#### WORK TO COMPLETE
Everything from the line containing "Casa à venda" through the line containing "Traditional Decorative Colorful" in the listing below should be copied exactly, and nothing more.

#### MATERIAL SHOWN
══════
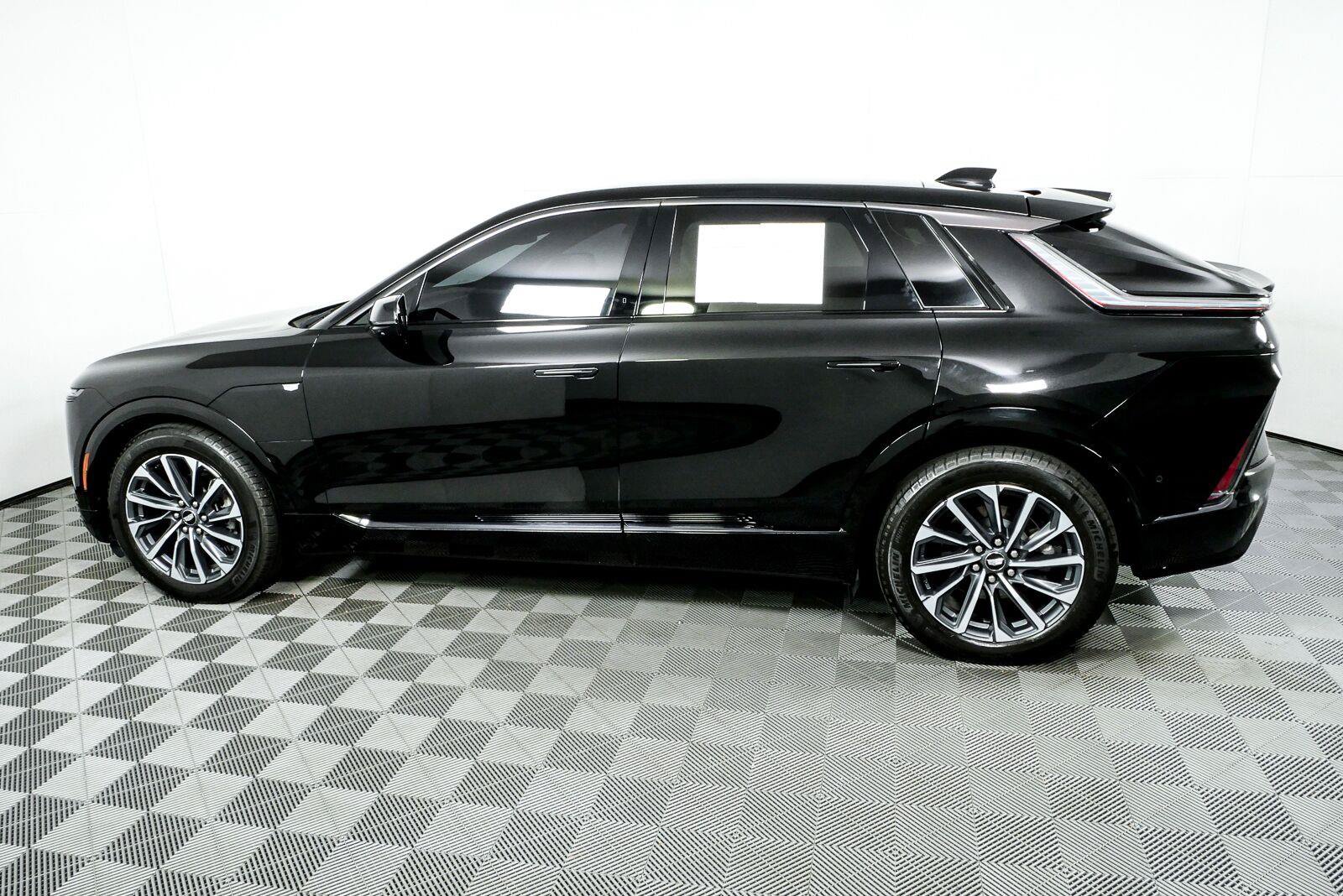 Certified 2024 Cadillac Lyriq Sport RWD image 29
══════
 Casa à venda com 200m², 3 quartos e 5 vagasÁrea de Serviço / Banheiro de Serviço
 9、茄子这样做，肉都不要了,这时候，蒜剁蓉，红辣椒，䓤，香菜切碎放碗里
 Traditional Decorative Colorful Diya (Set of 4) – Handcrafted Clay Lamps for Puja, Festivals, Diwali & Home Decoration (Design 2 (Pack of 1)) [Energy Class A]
══════
#### ANSWER TO THE EXERCISE
 Casa à venda com 200m², 3 quartos e 5 vagasÁrea de Serviço / Banheiro de Serviço
 9、茄子这样做，肉都不要了,这时候，蒜剁蓉，红辣椒，䓤，香菜切碎放碗里
 Traditional Decorative Colorful Diya (Set of 4) – Handcrafted Clay Lamps for Puja, Festivals, Diwali & Home Decoration (Design 2 (Pack of 1)) [Energy Class A]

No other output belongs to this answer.